WASHINGTON--()--A broad coalition of trade associations representing thousands of financial institutions today argued before the U.S. District Court for the District of Columbia as an amici in the lawsuit brought by some of the nation’s largest merchants in an effort to increase the $6 billion-plus windfall they are receiving from the Federal Reserve Board’s June 2011 Final Rule on interchange fees.
“Credit unions are already feeling the pinch of the Durbin amendment’s rate cap, despite the exemption for institutions with less than $10 billion in assets”
The coalition’s argument demonstrated that the Rule is fundamentally flawed because it contravenes the Durbin Amendment by imposing caps on interchange fees that fall far short of allowing debit card issuers to cover their costs and a reasonable rate of return on their investments.
“The merchants have claimed all along that imposing government price controls on interchange fees would directly benefit consumers, yet there is absolutely no evidence that consumers are benefitting,” said coalition spokeswoman Trish Wexler. “So while consumers have gotten nothing from the retailers, the merchants are back asking the courts to add even more to the $6 billion windfall they are now enjoying.”
“Credit unions are already feeling the pinch of the Durbin amendment’s rate cap, despite the exemption for institutions with less than $10 billion in assets,” said Fred Becker, president and CEO of the National Association of Federal Credit Unions. “The government should not set market prices.”

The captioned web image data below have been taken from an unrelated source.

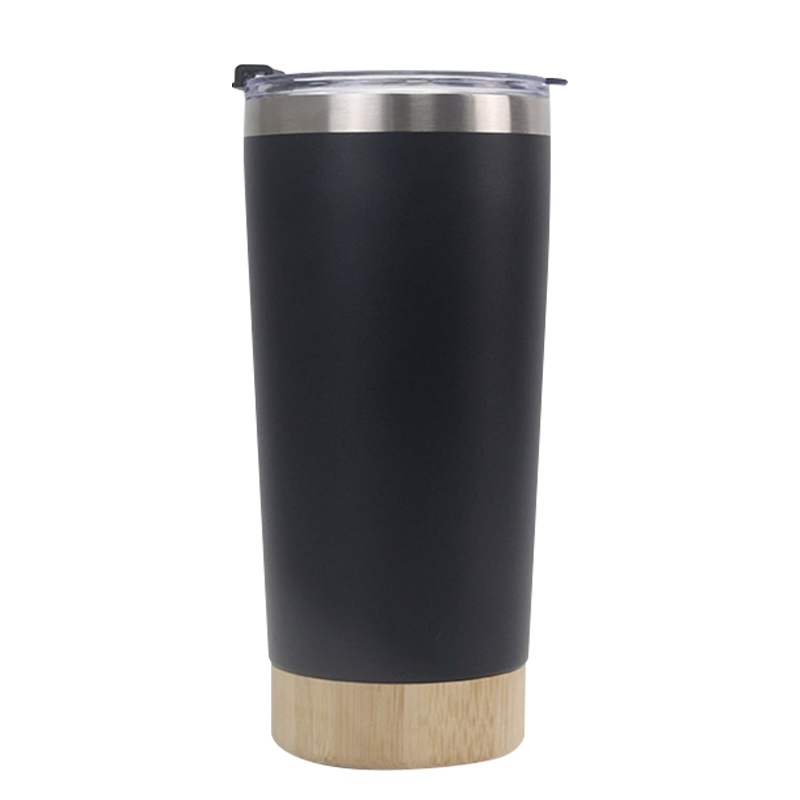 Gobelet de voiture de grande capacité à fond en bambou de 20 oz 600 ml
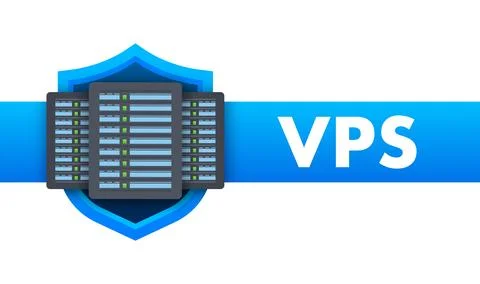 VPS Virtual private server web hosting services infrastructure technology Stock Illustration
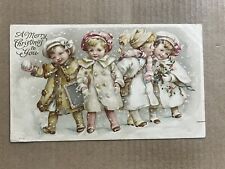 Postcard Merry Christmas Children Hats Jackets Snowball Posted 1902 New York picture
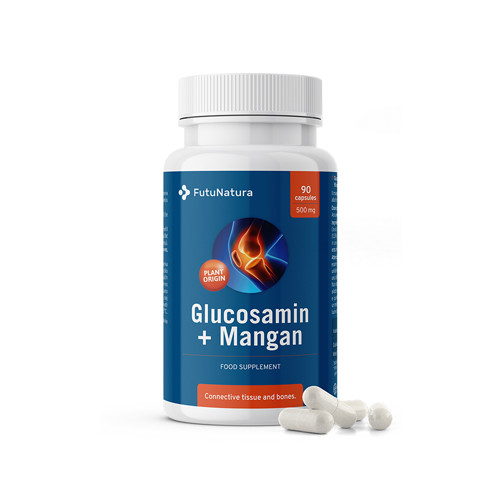 Glükózamin + Mangán 500 mg, reuma és ízületi gyulladás, 90 kapszula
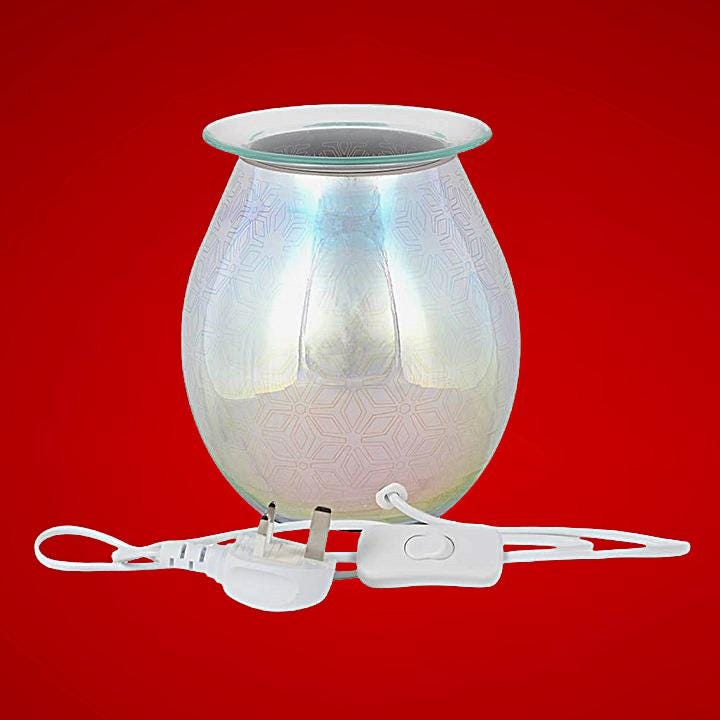 3D Geometric Flower Electric Aroma Lamp | Light Up Wax Melt Warmer | Glass Pattern Oil Burner Gift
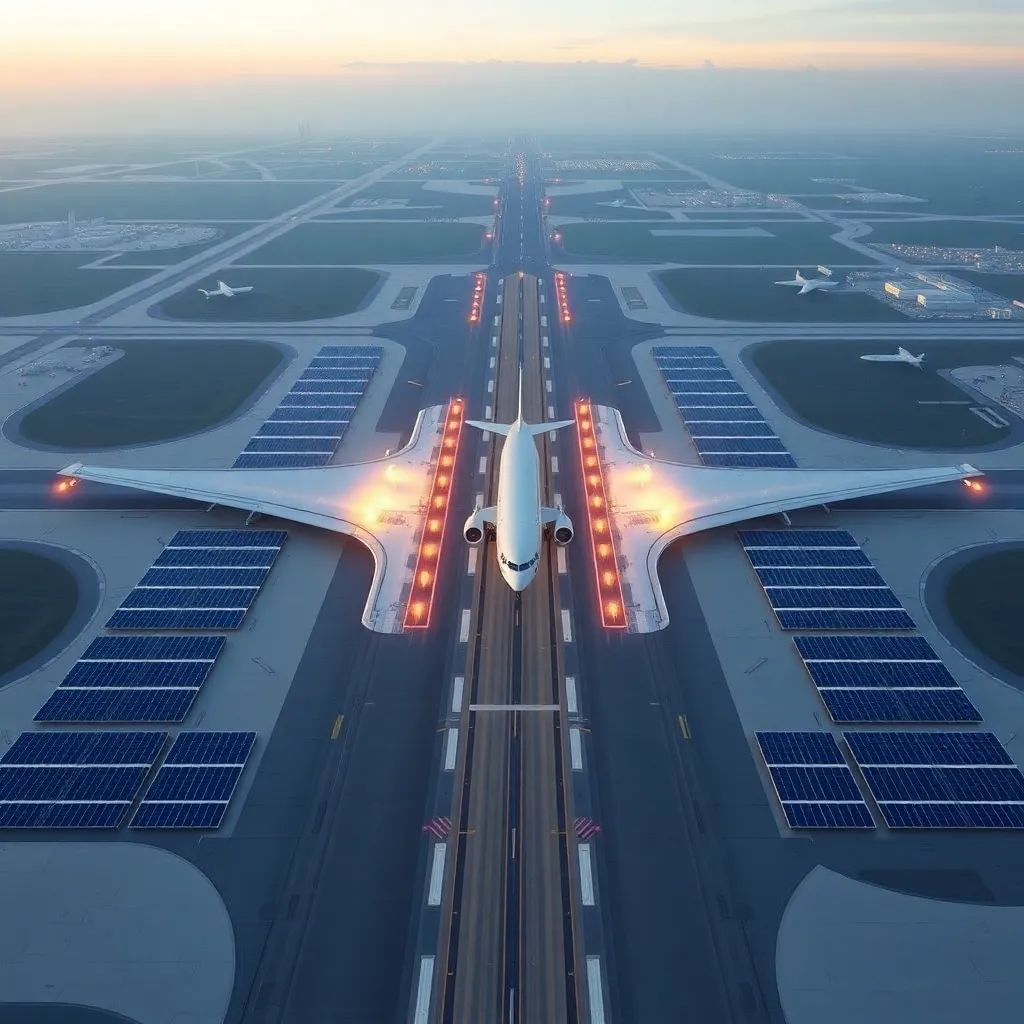 A futuristic concept of a vertical farm integrated with an airport, with a sleek aircraft taking off.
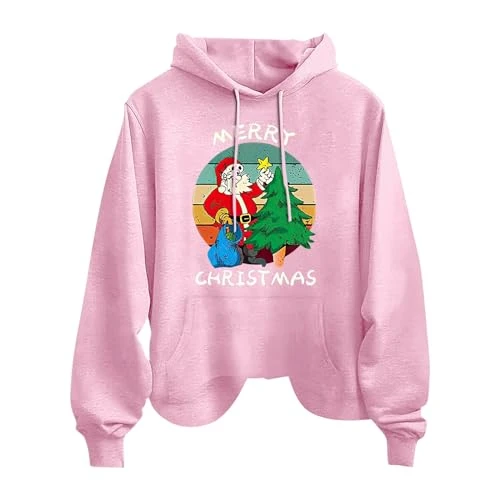 Rag Doll Christmas Costume Women Womens Long Hoodies Merry Christmas Santa Print Women's Fashion Casual Long Sleeve Tops with Pockets Hoodie Sweatshirt Womens Clothing Sale Clearance Uk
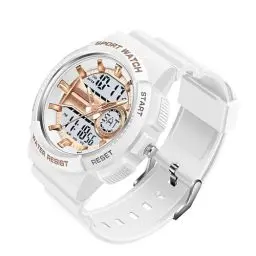 Produktbild: Digitaluhr Damen Sportuhren für Damen Armbanduhr Damenuhr Digital Uhr wasserdichte Outdoor Digitaluhr für Mädchen LED-Leuchtdisplay mit Analogen Zeigern und Digitalen Zahlen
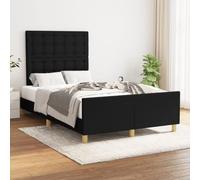 kithwjll Cadre de lit sans matelas, noir, 120 x 190 cm, en tissu, lit en bois solide avec tête de lit réglable en hauteur, tissu durable, adapté pour chambre à coucher, chambre d'amis, chambre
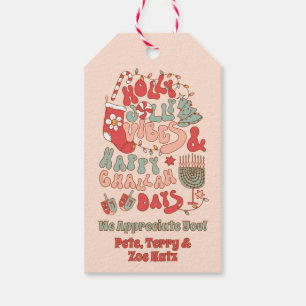Christmas Chanukah hanukkah Groovy Vibes Gift Tags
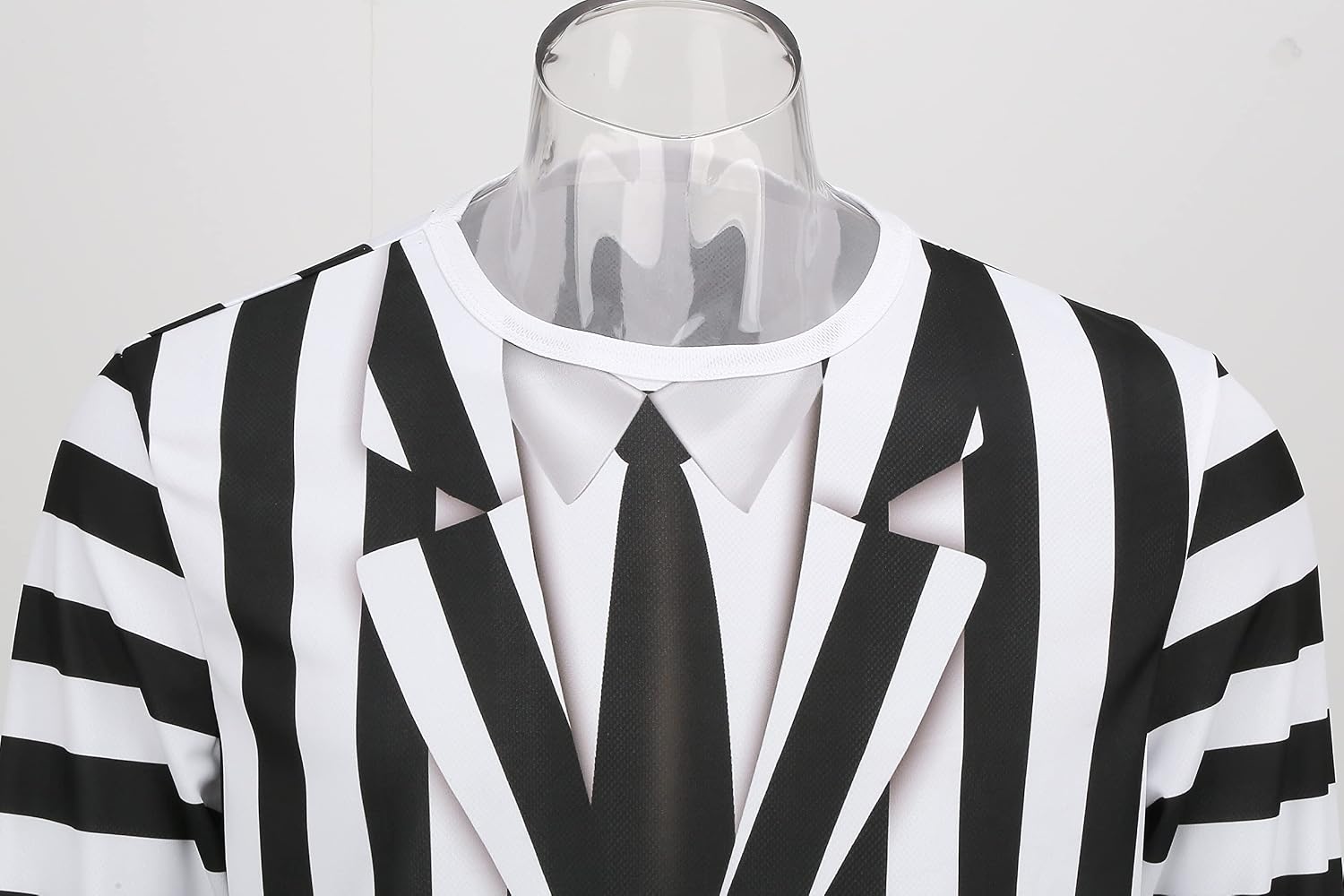 GRATJCIN Tuxedo Shirts for Men Long Sleeve Novelty Concert Festival Funny Costume Black and White Striped Suit Tux Tee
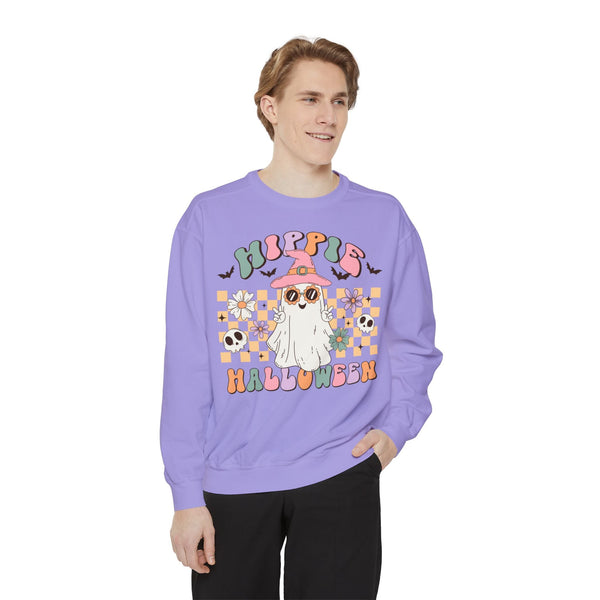 Hippie Halloween Sweatshirt - Retro Ghost Witch Peace Sign Graphic Sweater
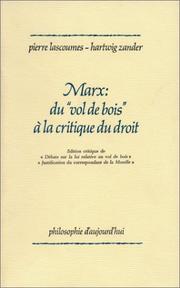 Cover of Marx, du "vol de bois" à la critique du droit by Pierre Lascoumes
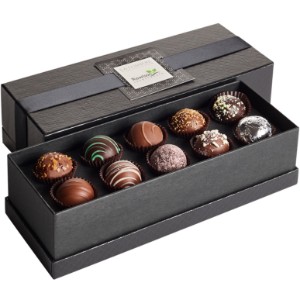 After Dinner 10 Piece Belgian Chocolate Signature Truffle Box w/ Buckle - MD5100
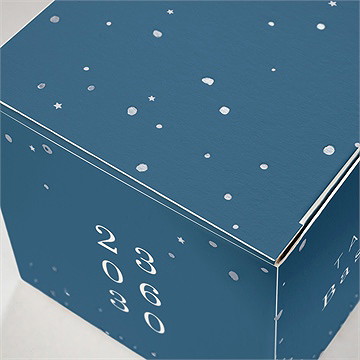 Geschenkbox Taufe sternenporträt - silber - Vue 2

The coalition that filed the Amicus Brief and was represented in court today includes: Credit Union National Association; Independent Community Bankers of America; National Association of Federal Credit Unions; Midsize Bank Coalition of America; Consumer Bankers Association; The Clearing House Association; American Bankers Association; The Clearing House Payments Company; and The Financial Services Roundtable.